Problem to work on:
Copy each line of the data below exactly, leaving out pictures.

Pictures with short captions

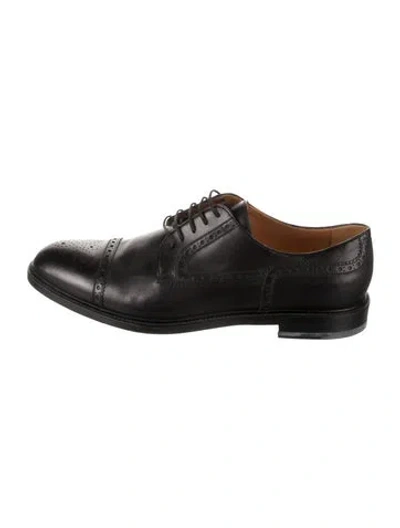 Pre-owned Gucci Leather Lasercut Accents Brogues In Black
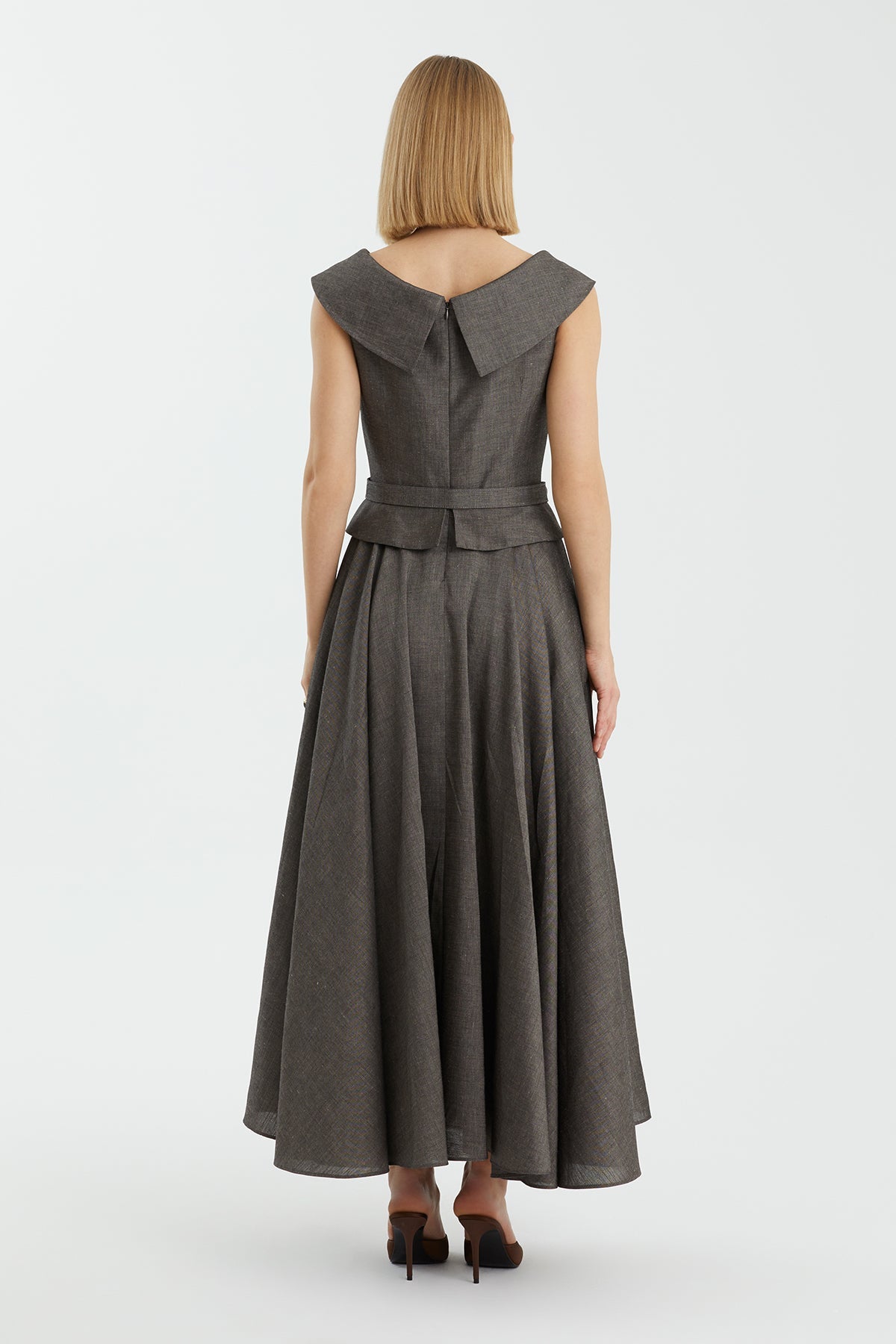Grey Belted Pleated Maxi Dress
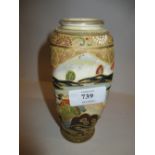 Japanese Satsuma square baluster form vase decorated with a figure of a geisha, 6ins high,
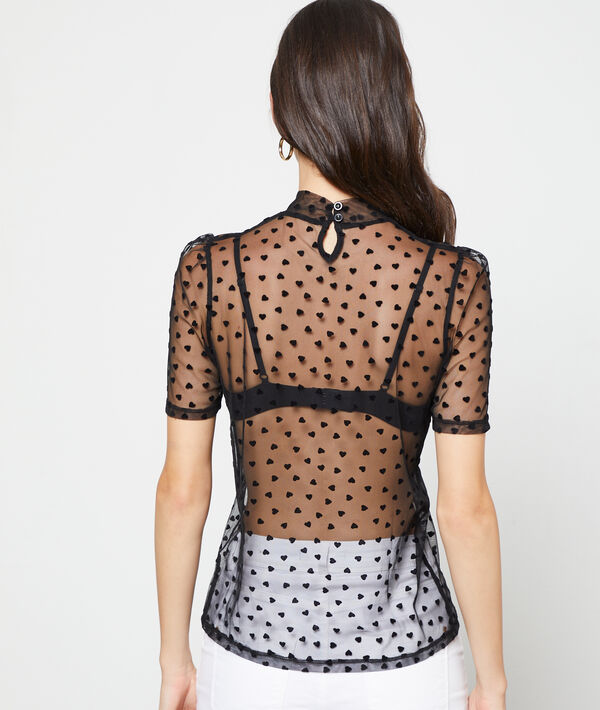 Top transparent à motifs coeur Top transparent à motifs coeur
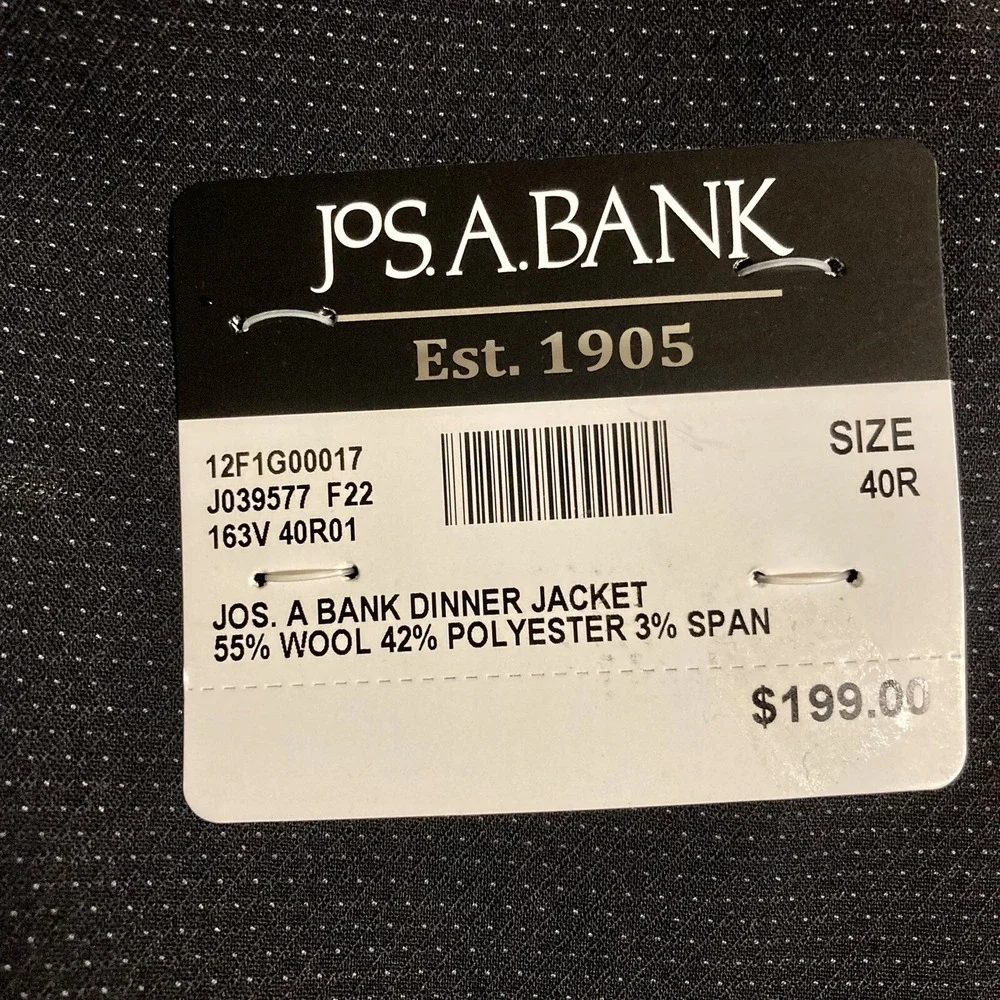 Jos A Bank Men's Dinner Jacket Blazer Black Tailored Fit 40R Wool Blend C070551‎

Output below:
 Pre-owned Gucci Leather Lasercut Accents Brogues In Black
Grey Belted Pleated Maxi Dress
 Japanese Satsuma square baluster form vase decorated with a figure of a geisha, 6ins high,
 Top transparent à motifs coeur Top transparent à motifs coeur
 Jos A Bank Men's Dinner Jacket Blazer Black Tailored Fit 40R Wool Blend C070551‎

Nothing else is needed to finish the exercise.